Arcadia and Carroll have been "incredible allies" in their support of the Guard unit, Hapgood continued.
"They really have adopted Company A, they really feel those are their soldiers and they'll support them in any way they can," he said. "We couldn't be prouder of the way that our Iowa communities have responded to us and supported us."
State Rep. Rod Roberts of Carroll said he received calls, e-mails and questions about the Arcadia exercise but only one from a constituent.
Initial news of the drill "caught me off guard," he said.
"I was like 'What?'" Roberts said. "Then when I read that line about how they'd be using a Blackhawk helicopter, I said 'Please, that doesn't help.'"

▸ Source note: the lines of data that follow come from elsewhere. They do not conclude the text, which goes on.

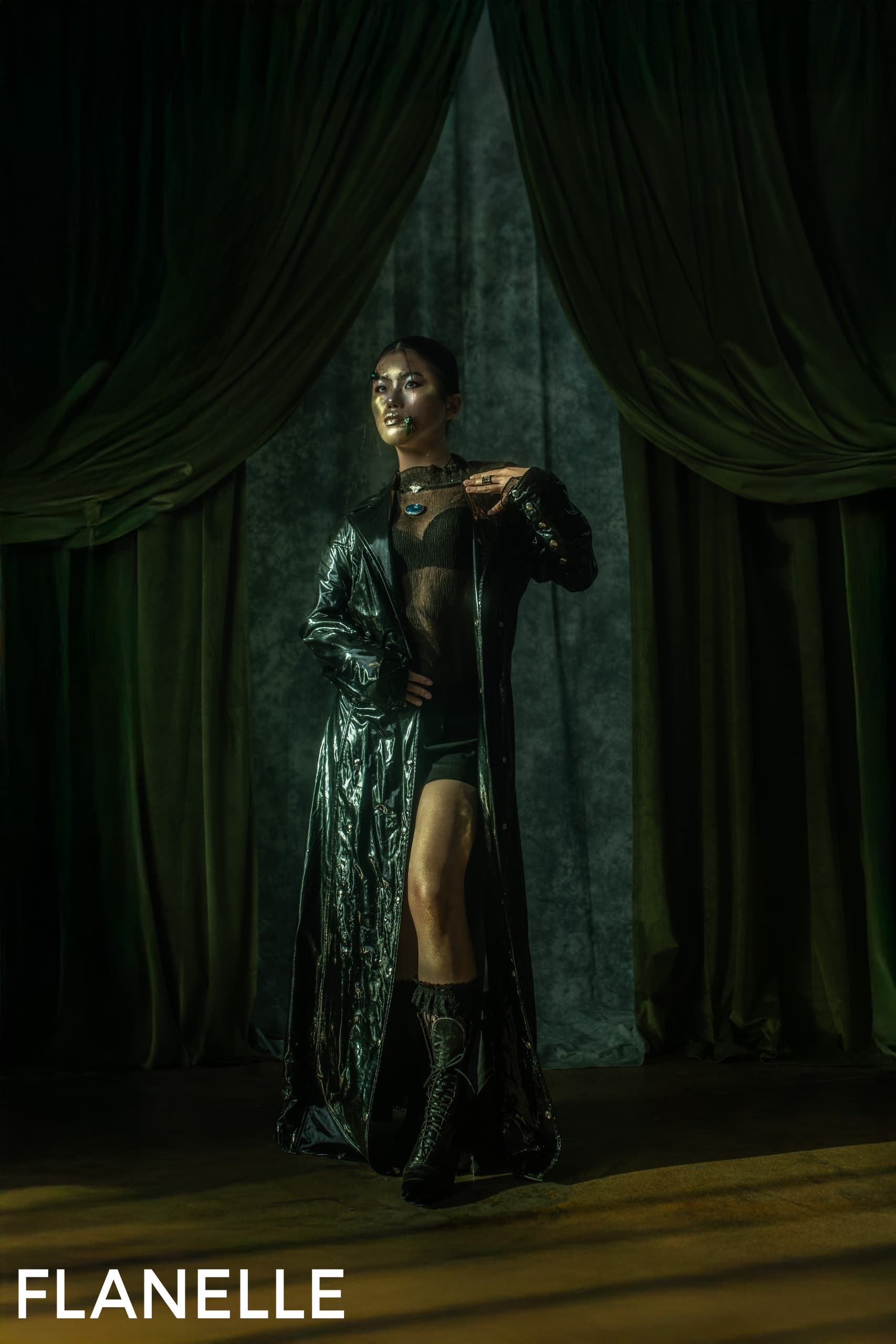 Model in black long coat poses with dramatic lighting and green curtains.
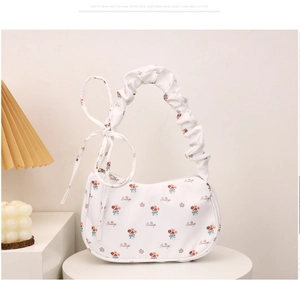 Close-up of floral canvas crescent bag with pleated handle and decorative bow detail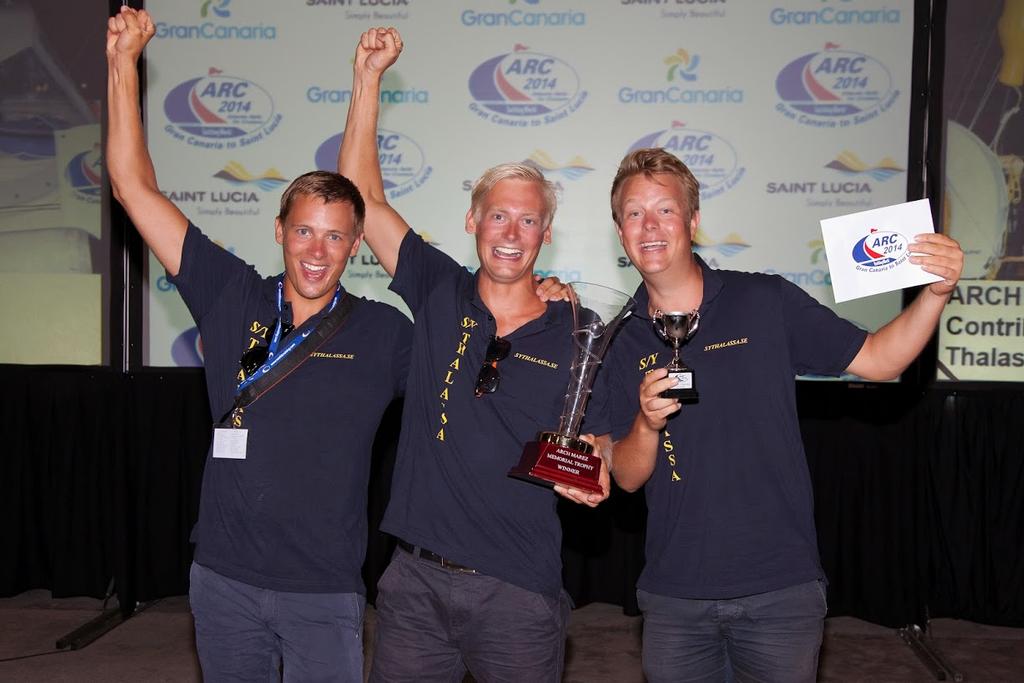 Thalassa accept the Arch Marez award, given in honour of their social contributions to shoreside activities  - ARC 2014. © WCC / Clare Pengelly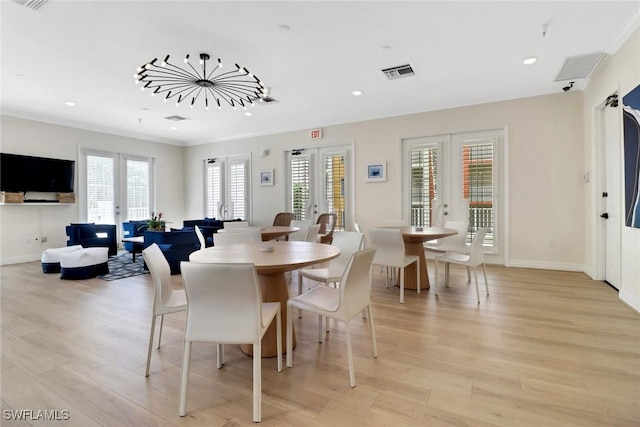 401 Bayfront Pl Unit 3502, Naples, FL 34102 - dining area featuring french doors, crown molding, light wood-type flooring, and recessed lighting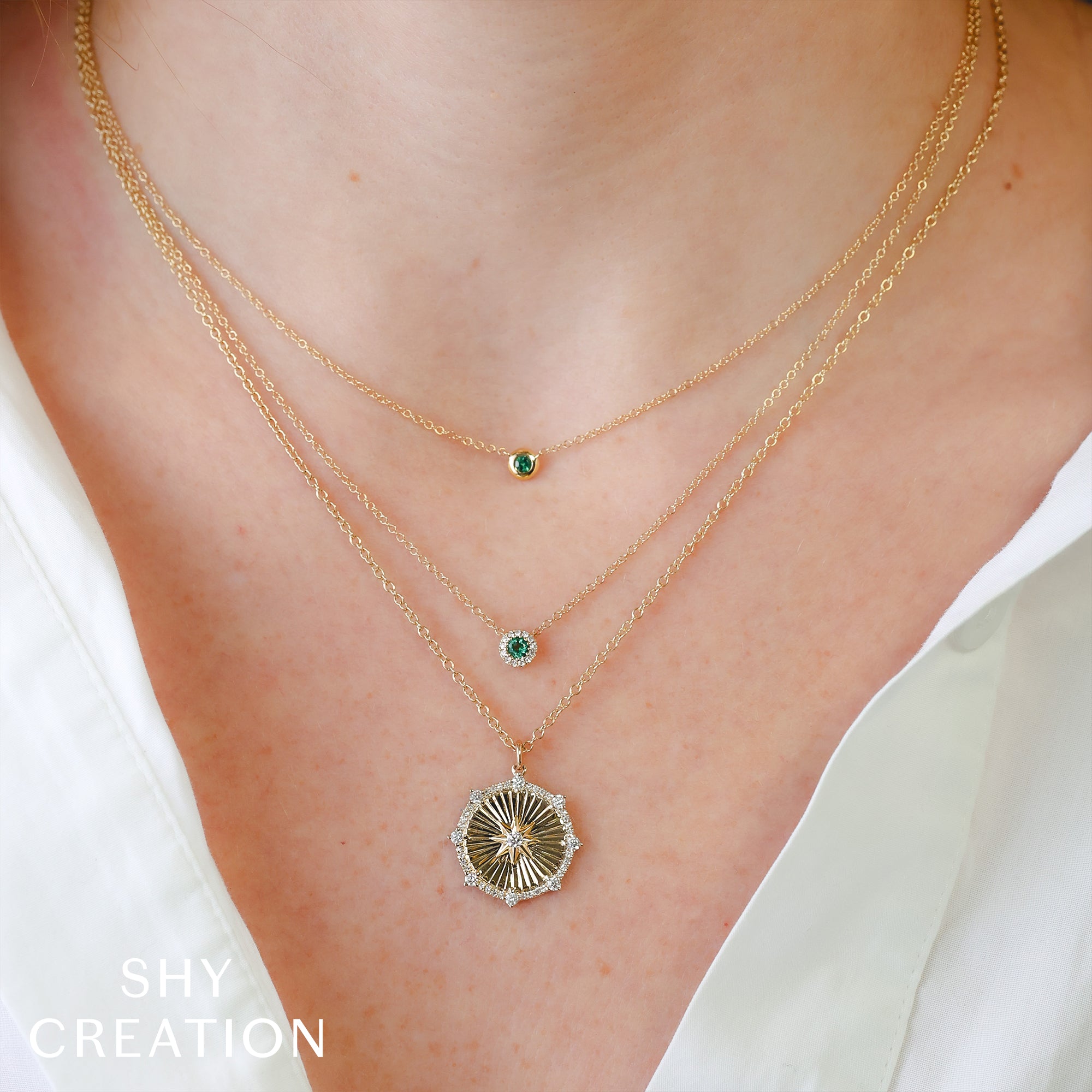 Gold necklaces with green emeralds on a person wearing a white top, branded 'SHY CREATION'.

Roberts took his concerns to fellow House member Jodi Tymeson, who's a brigadier general and deputy commander of the Iowa Guard.

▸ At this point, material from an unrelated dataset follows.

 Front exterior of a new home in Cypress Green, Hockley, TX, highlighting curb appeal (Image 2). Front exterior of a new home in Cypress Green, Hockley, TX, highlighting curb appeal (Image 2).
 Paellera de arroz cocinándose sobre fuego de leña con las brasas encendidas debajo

"I said, 'Jodi, even at face value, I read this and bells go off. Maybe it's perfectly fine, but I've got to think the public relations division with the Guard needs to go back and find out how this needs to be handled in terms of public relations,'" Roberts said. "I also said, 'You've got to have an explanation for this because I think they've dropped the ball ... and it's putting the Guard in a bad light.'"

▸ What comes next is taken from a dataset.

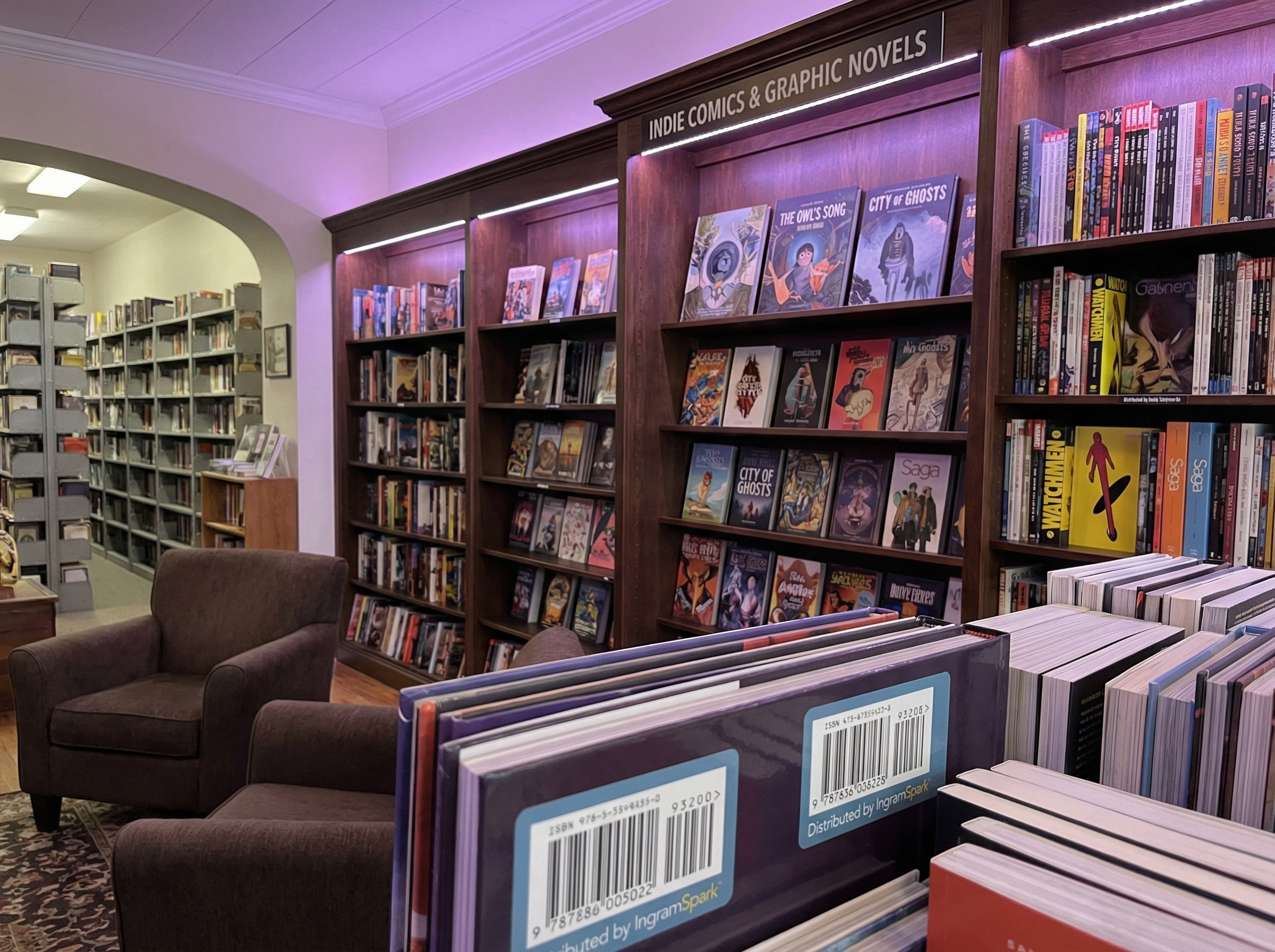 Indie comics displayed on bookstore shelves alongside mainstream titles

Arcadia Mayor Oran Kohorst said he'd gotten about a dozen calls from out of state - one caller promised to bring 5,500 "minutemen" from North Dakota to challenge the Guardsmen while a caller from California said he'd bring 50,000 protesters - but heard no opposition to the drill from any resident of Arcadia.
"We support the Guard," he said, noting that Guard officials explained their plans to the Arcadia City Council earlier this month and the council was in full favor.
The Guard did make one modification for Arcadia.
"We didn't want Arcadia to appear we're having fun with terrorists," Kohorst said, "so they came up with this suspected arms dealer thing.
"It started out to be an exercise. We just wanted to help the Guard to be ready if they have to go overseas. But it just kind of blew up. Nothing this serious has ever happened in Arcadia. We have our cat and dog problems and other small-town things, but nothing like this.
"I really feel sorry for the National Guard having to justify their actions."
Tony Vonnahme, who'd been asked to play the suspected arms dealer in the drill, said he didn't commit because he wanted more information. The Guard had planned to hold a town meeting Monday, March 2, to explain the exercise and ask for volunteers.
"To me it was totally innocent," said Vonnahme, who is a real-life gun dealer, owning Shooters Outlet in Arcadia. "But things got ugly real quick. I got calls from North Dakota, Washington, Illinois, Ohio ... It really had me concerned. My guts were torn up. I mean, I had people calling me telling me to evacuate the city. I was thinking 'This isn't even funny. This is wild.'"
Vonnahme said he's glad the Guard decided against practicing in Arcadia.
"It got blown way out of proportion," he said.